Research Professor Minsoo Kim (Department of Nano Convergence Engineering · BK21-FOUR Nano-Convergent Energy Innovation Materials and Components Talent Training Project Division) announced on the 5th that he has succeeded in developing a commercially viable ultra-low-power liquid crystal display (LCD) technology.

Research Professor Kim’s team, conducting research within Professor Seunghee Lee’s research group at Jeonbuk National University (JBNU) (College of Engineering; Dept. of JBNU-KIST Industry-Academia Convergence Research; Department of Polymer -Nano Science &Technology; and Department of Nano Convergence Engineering), identified the mechanism behind the persistent problem of screen flicker that occurs when the fringe-field switching (FFS) mode—widely used in LCDs—is driven at an ultra-low frequency (1 Hz).

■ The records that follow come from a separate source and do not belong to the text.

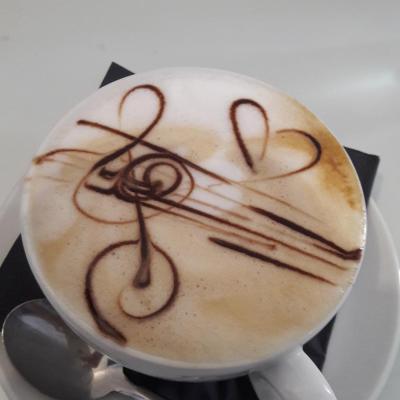 smArt B&B (Via Andrea Alfano Bolino 22 84126 Salerne)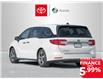 2019 Honda Odyssey EX-L (Stk: 365021) in Aurora - Image 5 of 8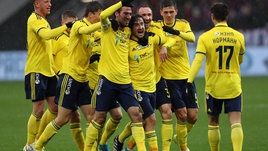 «Для переноса матча «Сочи» — «Ростов» есть одна резервная дата. Но нужно согласие клубов»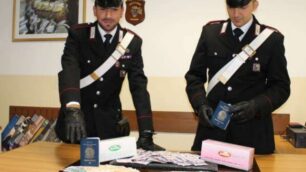 Arrestati gli aguzzini delle luccioleSequestrati duemila preservativi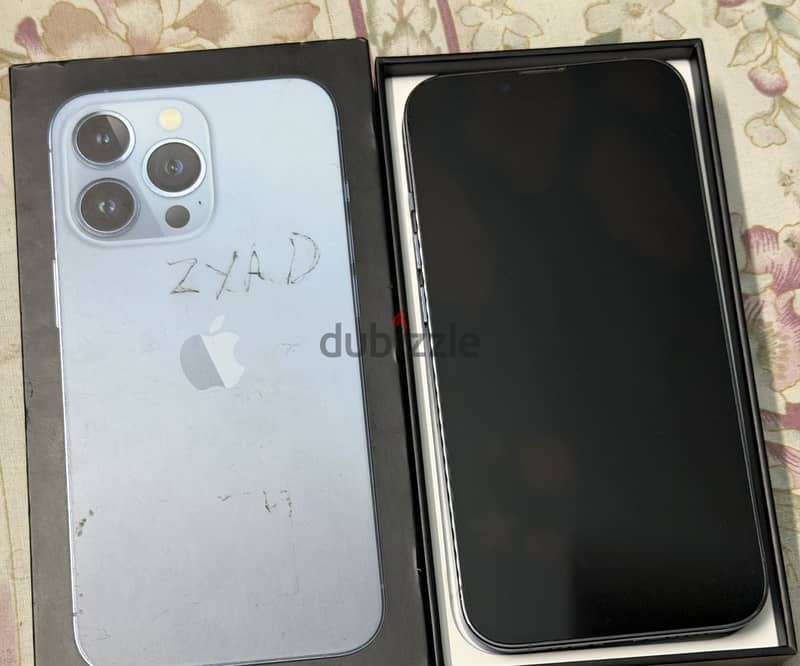 آبل - آيفون 13 برو 6
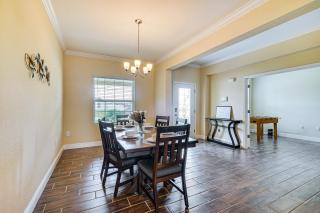 4 Mi to Golf Gem with Pool and Lanai in Cape Coral - Matlacha - 4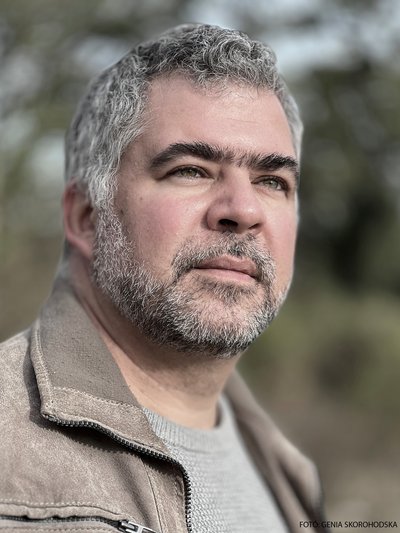 Miklós Sebestyén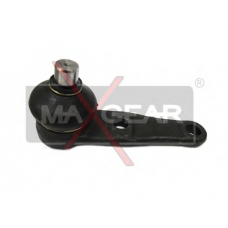 72-0413 MAXGEAR Несущий / направляющий шарнир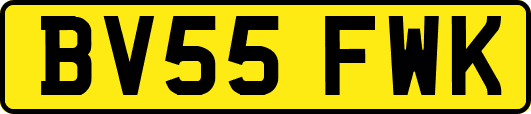 BV55FWK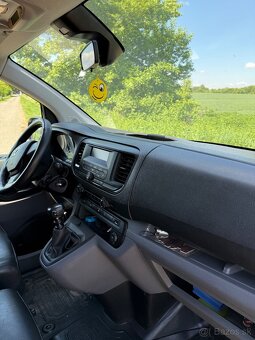 Toyota Proace rv 2018 Dlhá verzia , Long'. - 5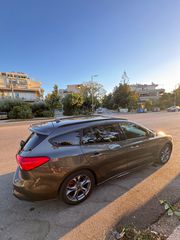 Ford Focus 2021 ST LINE X BUSINESS-thumb-4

They also developed a new liquid crystal material that can suppress this flicker.

This achievement is expected to be a turning point that could dramatically reduce the power consumption of LCDs, which account for about 90% of the global display market.

LCDs display images by controlling the alignment of liquid crystal molecules with electrical signals. However, lowering the driving frequency reduces power consumption but strengthens the flexoelectric effect, causing liquid crystal molecules to move in unintended directions and producing a ‘flicker’ phenomenon below about 30 Hz.

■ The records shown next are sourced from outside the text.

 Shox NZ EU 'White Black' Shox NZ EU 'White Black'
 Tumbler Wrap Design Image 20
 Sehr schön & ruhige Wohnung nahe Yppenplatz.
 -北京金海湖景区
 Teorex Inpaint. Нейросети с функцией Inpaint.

To address this, the research team, in collaboration with LG Display and Merck Performance Materials, theoretically proposed a molecular structure that minimizes the flexoelectric effect and proposed two new methods for simply measuring the flexoelectric coefficients. In particular, the “displacement-current symmetry measurement method” devised by Research Professor Minsoo Kim analyzes the symmetry of the current that flows when the electrode voltage polarity is reversed, allowing easy assessment of the liquid crystal alignment state and making it highly practical for industrial use.

Research Professor Minsoo Kim said, "This achievement demonstrates the possibility that fundamental materials science principles can lead to practical commercial technologies," adding, "It will be an important stepping stone for the commercialization of next-generation low-power LCDs."

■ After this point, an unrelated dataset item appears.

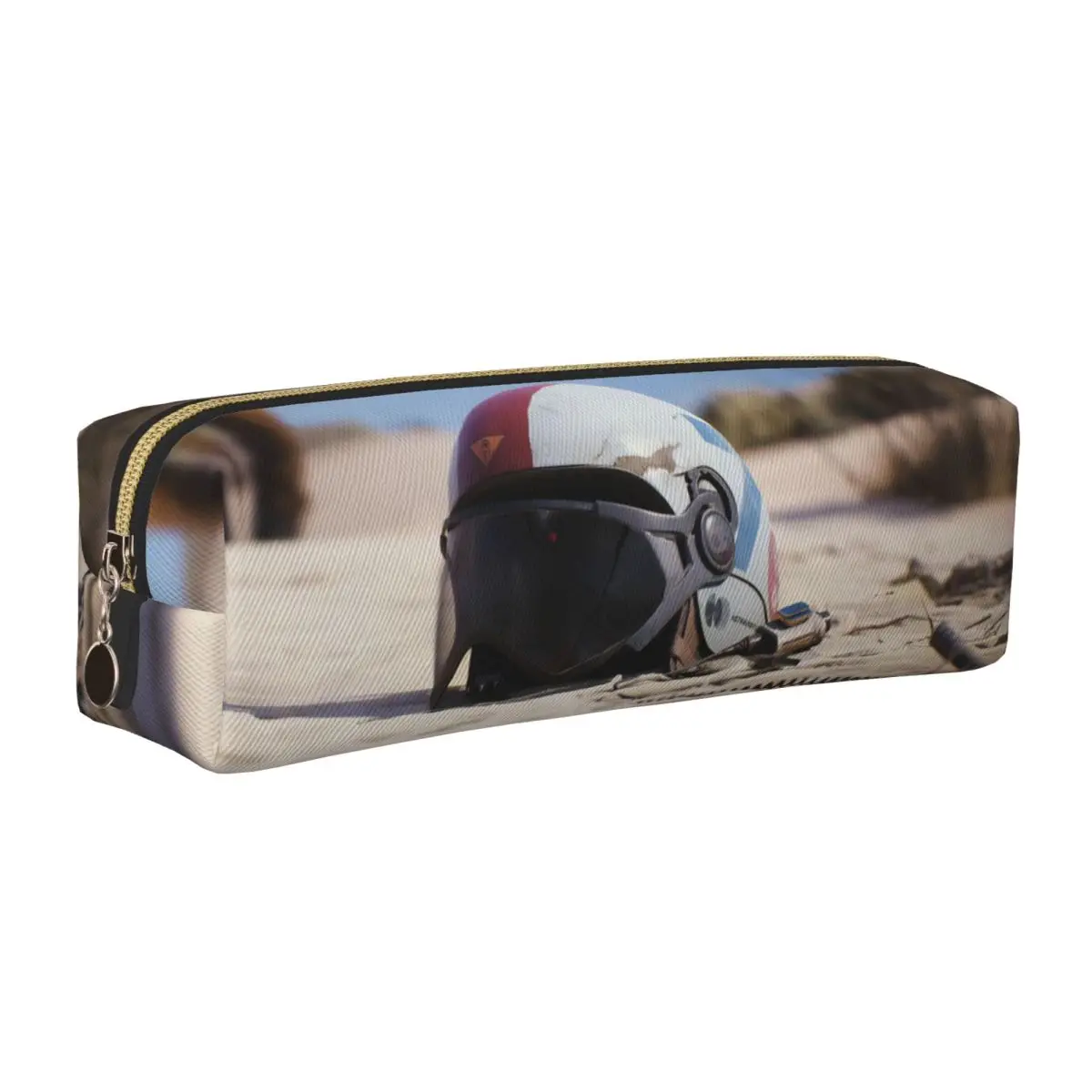 

Arc Raiders игровые пеналы модные сумки для ручек для девочек и мальчиков большое хранилище для студентов школьный подарок пенал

The study involved Dr. Junho Jeong, PhD candidate Hayoung Jeong, and master's student Kyuri Choi. It was conducted with support from LG Display, Merck Performance Materials, the Ministry of Education's BK21-FOUR Nano-Convergent Energy Innovation Materials and Components Talent Training Project Division, and the National Research Foundation’s Mid-Career Researcher Support Program. The results were published in the latest issue of Opto-Electronic Advances (IF=22.4), an international journal ranked in the top 3.6% in the optics field, under the title "Flicker minimization in power-saving displays enabled by measurement of difference in flexoelectric coefficients and displacement-current in positive dielectric anisotropy liquid crystals".